To be honest I don't see the problem with what I've done:
We have P(R) = T(R) U Y where Y is a subset of P(R) that has cardinality |R|. The only possibility is that |T(R)| = |P(R)|, or am I missing something? Even if there was a set x with | R | < x
plus as i just edited the above post its not clear that |X|=aleph
(yes aleph is what you call aleph_1)
26 Jul 06
6 edits
Originally posted by aginisR is the set of real numbers.
I'm not sure that you are correct in saying |X| = |R|
N is the set of natural numbers.
X is the set of countable subsets of R (including the finite ones).
If C and D are sets let C^D denote the set of functions from D to C.
If C and D are sets then C < D means "there is an injection from C to D" and C=D means "there is a bijection from C to D".
We have
R < X < R^N = (2^N)^N = 2^(NxN) = 2^N = R.
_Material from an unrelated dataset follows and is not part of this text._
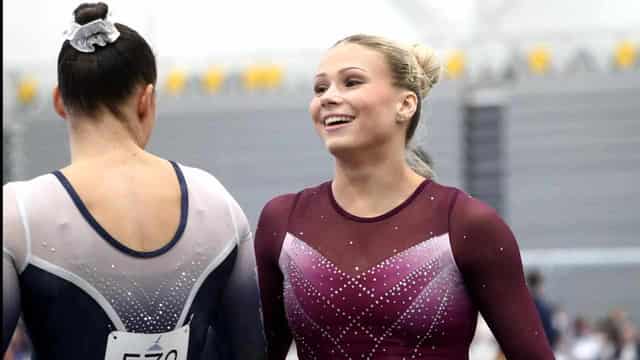 Gem of a display as Ruby shines at gymnastics nationals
The first injection is got from mapping the singleton sets into X and the second injection is got from mapping a countable subset to a function that lists its elements in increasing order (in the finite case we repeat the maximum element infinitely often).
Since we have R < X and X < R it follows from the Schroeder-Bernstein Theorem that X = R.